Why You'll Love This

A Harvard behavioral scientist spent fifteen years proving that the instinct to stay guarded is quietly costing you more than you think.

  • Great if you want: research-backed insight on trust, influence, and human connection
  • The experience: accessible and thought-provoking — reads faster than its page count suggests
  • The writing: John translates dense behavioral research into sharp, practical observations
  • Skip if: you prefer theory-heavy academic writing over applied, conversational takeaways

About This Book

Most of us navigate a daily tension between revealing too much and holding too much back — and we rarely get it right. Leslie John, a behavioral scientist at Harvard Business School who has spent fifteen years studying disclosure decisions, argues that we've been thinking about this all wrong. The real cost isn't oversharing; it's the chronic habit of staying closed off when openness could transform our relationships, our careers, and our sense of connection to others. Revealing makes a compelling case that strategic transparency isn't a vulnerability — it's a skill.
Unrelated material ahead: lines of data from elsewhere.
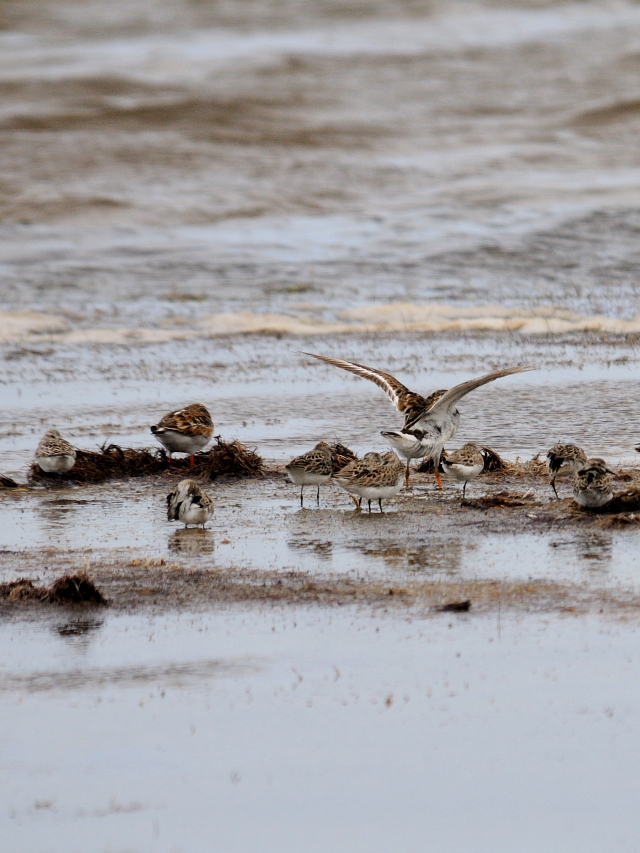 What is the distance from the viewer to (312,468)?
29.7 ft

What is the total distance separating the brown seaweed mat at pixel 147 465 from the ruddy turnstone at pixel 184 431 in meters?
0.11

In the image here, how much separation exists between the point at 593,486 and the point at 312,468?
201cm

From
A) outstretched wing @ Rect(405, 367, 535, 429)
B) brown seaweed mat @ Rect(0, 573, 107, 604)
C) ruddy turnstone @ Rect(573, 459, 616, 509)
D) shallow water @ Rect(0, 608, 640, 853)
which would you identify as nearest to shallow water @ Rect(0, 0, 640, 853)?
shallow water @ Rect(0, 608, 640, 853)

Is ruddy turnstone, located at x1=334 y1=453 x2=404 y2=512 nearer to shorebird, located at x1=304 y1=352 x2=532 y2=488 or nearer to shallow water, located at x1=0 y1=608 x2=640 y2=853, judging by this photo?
shorebird, located at x1=304 y1=352 x2=532 y2=488

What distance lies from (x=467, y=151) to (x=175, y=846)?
29394 millimetres

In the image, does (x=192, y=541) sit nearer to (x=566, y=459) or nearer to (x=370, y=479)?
(x=370, y=479)

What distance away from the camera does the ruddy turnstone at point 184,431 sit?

What distinguishes this book is how thoroughly John grounds her arguments in rigorous research while keeping the writing sharp and accessible. She doesn't preach; she demonstrates, walking readers through the behavioral science behind disclosure in ways that feel immediately applicable. The structure moves fluidly between workplace dynamics and personal relationships, so the insights accumulate and reinforce each other rather than sitting in separate silos. Readers who want their thinking genuinely challenged — not just validated — will find this one worth staying with.